A lot of operation managers in large organizations usually confuses between incident & problem management. In most cases, they consider them both as one and this is not correct. In order to make everything clear, let us differentiate between the two concepts and define each process.
Incident means unplanned interruption of any service that impacts the quality of service (QoS). What we need to do is to make investigation in order to identify the root cause of this incident, so that we will be able to take the proper action that will help to restore the service to its normal conditions. Based on this, we can say that incident process is the way in which the operation team will interact with each other to collect as much information as they can in order to isolate the effect of the incident (not always the root cause of the problem) and to take the proper action to solve the issue for the service users.

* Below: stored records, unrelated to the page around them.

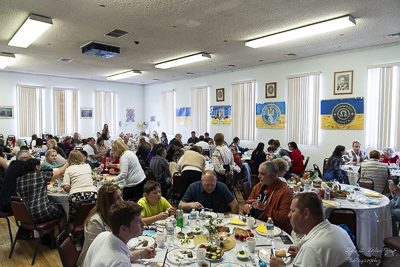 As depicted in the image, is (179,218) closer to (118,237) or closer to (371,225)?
(118,237)

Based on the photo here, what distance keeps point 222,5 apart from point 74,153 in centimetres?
364

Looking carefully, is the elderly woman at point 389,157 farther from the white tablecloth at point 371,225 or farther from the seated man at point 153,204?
the seated man at point 153,204

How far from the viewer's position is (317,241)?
1844 millimetres

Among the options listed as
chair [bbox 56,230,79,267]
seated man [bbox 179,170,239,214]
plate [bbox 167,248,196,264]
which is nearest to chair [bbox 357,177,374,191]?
seated man [bbox 179,170,239,214]

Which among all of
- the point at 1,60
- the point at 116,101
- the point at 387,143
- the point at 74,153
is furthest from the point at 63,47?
the point at 387,143

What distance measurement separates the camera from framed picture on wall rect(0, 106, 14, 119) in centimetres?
1181

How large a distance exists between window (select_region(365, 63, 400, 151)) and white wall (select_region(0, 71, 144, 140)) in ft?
40.2

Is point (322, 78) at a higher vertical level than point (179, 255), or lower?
higher

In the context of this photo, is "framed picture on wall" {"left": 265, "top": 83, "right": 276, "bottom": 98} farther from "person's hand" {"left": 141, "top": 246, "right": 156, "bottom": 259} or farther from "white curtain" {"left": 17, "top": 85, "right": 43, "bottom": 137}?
"white curtain" {"left": 17, "top": 85, "right": 43, "bottom": 137}

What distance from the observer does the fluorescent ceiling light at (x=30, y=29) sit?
5.22 metres

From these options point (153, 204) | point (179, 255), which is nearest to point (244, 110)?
point (153, 204)

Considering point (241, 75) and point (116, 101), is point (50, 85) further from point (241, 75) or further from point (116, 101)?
point (241, 75)

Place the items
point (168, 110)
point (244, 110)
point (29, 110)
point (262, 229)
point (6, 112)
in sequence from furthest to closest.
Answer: point (168, 110)
point (29, 110)
point (6, 112)
point (244, 110)
point (262, 229)

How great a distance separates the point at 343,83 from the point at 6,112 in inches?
542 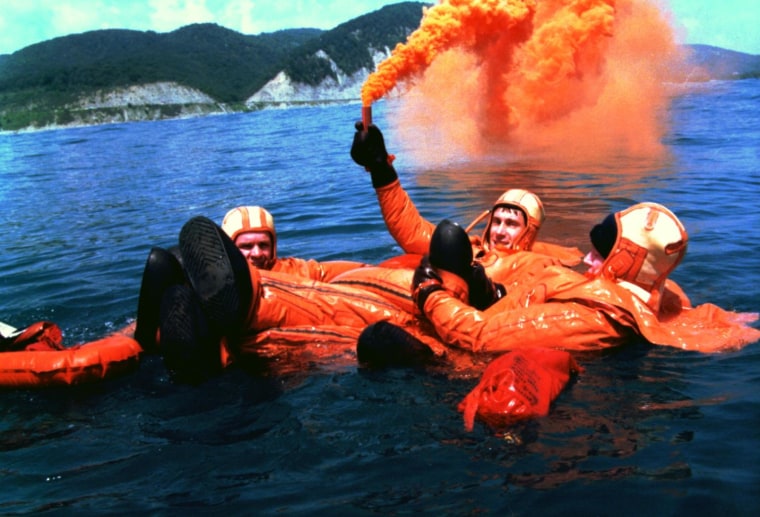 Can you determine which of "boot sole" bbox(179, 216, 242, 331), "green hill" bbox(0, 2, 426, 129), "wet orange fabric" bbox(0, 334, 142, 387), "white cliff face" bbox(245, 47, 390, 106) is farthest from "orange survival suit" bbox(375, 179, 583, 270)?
"white cliff face" bbox(245, 47, 390, 106)

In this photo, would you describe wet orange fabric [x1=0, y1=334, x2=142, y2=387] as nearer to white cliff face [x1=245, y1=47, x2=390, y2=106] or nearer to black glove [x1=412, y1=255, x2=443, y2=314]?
black glove [x1=412, y1=255, x2=443, y2=314]

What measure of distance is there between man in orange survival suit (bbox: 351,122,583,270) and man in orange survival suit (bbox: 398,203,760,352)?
1289 mm

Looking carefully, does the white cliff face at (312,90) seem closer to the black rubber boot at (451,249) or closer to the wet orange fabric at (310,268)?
the wet orange fabric at (310,268)

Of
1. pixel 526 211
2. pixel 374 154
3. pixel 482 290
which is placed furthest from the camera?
pixel 374 154

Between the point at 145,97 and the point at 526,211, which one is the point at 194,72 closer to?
the point at 145,97

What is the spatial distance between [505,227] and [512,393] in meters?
3.04

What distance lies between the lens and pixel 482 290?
225 inches

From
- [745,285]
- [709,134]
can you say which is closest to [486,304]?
[745,285]

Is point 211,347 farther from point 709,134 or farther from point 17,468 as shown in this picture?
point 709,134

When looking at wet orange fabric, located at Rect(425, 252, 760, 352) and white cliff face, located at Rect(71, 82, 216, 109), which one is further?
white cliff face, located at Rect(71, 82, 216, 109)

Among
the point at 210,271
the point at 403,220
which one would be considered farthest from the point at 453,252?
the point at 403,220

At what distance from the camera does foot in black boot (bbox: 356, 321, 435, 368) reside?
4.79m

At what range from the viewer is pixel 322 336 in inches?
213

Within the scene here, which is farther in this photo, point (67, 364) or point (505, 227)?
point (505, 227) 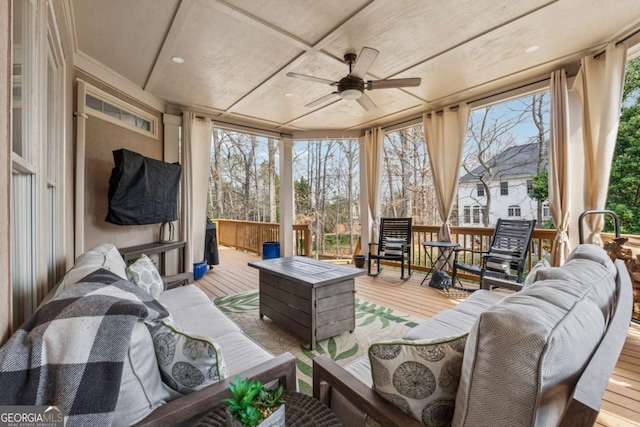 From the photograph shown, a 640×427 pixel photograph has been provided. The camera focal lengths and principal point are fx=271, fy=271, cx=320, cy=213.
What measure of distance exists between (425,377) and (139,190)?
363 cm

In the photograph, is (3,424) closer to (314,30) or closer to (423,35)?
(314,30)

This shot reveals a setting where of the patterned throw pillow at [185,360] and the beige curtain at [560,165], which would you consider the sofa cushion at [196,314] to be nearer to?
the patterned throw pillow at [185,360]

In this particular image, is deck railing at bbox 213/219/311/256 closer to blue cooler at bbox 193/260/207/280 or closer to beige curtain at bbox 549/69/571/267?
blue cooler at bbox 193/260/207/280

Critical Success Factors in Incident Management
- Incident Description: Here you need to understand the pain of your customer. Usually the customer speaks from his own high level language and does not speak from the technical point of view. Asking the customer a lot of questions at this stage will lead you to understand what is the problem exactly at his side.
- Time : Incident is very sensitive to time since you need to solve it AS QUICK AS POSSIBLE
- Service (Impact & Urgency): In order to set the right attention to the incident, you need to know what is the importance of the impacted service, and what is the size of this impact.

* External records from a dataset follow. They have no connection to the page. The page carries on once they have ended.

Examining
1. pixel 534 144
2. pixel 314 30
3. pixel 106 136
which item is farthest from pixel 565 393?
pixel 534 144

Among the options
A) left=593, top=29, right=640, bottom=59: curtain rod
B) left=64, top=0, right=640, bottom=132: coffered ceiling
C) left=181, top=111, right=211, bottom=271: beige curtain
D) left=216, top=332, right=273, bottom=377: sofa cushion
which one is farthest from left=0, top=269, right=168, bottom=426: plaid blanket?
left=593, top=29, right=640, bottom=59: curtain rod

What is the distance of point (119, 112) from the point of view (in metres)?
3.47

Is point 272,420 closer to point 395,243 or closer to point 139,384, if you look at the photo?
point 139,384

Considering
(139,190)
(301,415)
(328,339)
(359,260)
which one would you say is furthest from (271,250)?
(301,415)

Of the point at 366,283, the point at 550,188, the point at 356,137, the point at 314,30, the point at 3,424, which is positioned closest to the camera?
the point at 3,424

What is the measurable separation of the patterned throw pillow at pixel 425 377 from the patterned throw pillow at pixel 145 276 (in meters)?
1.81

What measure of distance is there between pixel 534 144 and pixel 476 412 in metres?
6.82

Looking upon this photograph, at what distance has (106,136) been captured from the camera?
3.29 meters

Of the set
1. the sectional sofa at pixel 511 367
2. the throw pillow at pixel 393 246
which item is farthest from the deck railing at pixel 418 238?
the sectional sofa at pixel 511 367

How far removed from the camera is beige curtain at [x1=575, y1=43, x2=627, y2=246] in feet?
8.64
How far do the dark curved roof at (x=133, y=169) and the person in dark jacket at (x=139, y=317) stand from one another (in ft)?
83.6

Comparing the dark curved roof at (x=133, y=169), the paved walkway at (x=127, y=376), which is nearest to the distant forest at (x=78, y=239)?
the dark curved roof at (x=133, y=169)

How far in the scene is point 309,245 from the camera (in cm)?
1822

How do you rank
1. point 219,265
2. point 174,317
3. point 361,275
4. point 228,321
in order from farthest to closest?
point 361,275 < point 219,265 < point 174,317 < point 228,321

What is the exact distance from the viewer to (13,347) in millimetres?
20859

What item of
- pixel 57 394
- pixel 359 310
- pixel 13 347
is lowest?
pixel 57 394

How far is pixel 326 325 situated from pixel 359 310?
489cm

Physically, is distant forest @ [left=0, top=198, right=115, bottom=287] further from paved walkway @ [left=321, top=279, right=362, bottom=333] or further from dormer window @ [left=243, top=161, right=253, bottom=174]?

Sample Priority Coding System
- Root cause: It might be defined during or after the incident. However, the root cause in some cases could not be defined.
- Corrective Action: Based on the root cause of the incident you need to take the proper action. However, a proper action might not be necessary in all incidents. Some incidents might be solved without any action or with unrelated one. For instance, a second reboot might solve a lot of incidents in IT systems even though it is not the best corrective action.
*** Related topics to the incident management: (KPI, SLA, OLA)
A problem is a result of one or more incidents. The cause is not usually known at the time of the incident then a problem record is created. Based on this, we can say that the problem management is the process in which the operation team will make further investigations about the incidents in order to define the root cause at the final stage.
The key objectives of Problem Management are to eliminate recurring incidents and to minimize the impact of incidents that cannot be prevented. Problem management process usually be and should be effective for any service in the complicated environment. The complicated environment means complicated setup which comes as a result of many interactions between many systems. So when any service is impacted, then the root cause might be from the service itself or from the background. The problem management process is a reaction of the incident management process and should be at a level of importance so that it will be supported by the top management in the organization,
In problem management, there should be an interaction between the top professional people in the operation team that we usually call “technical committee”, and the problem management committee. It is recommended for technical committee to contain people from operation team who run the service and people from engineering team who design the service. However, technical committee should be managed by a problem manager who owns the problem ticket and will communicate with the problem management committee. On the other hand, it is recommended for the problem management committee to be consisted of the top management of both technical and business. After investigation, technical committee represented by the problem owner, should provide the management committee with their recommendations. Then the management committee should take the best decision.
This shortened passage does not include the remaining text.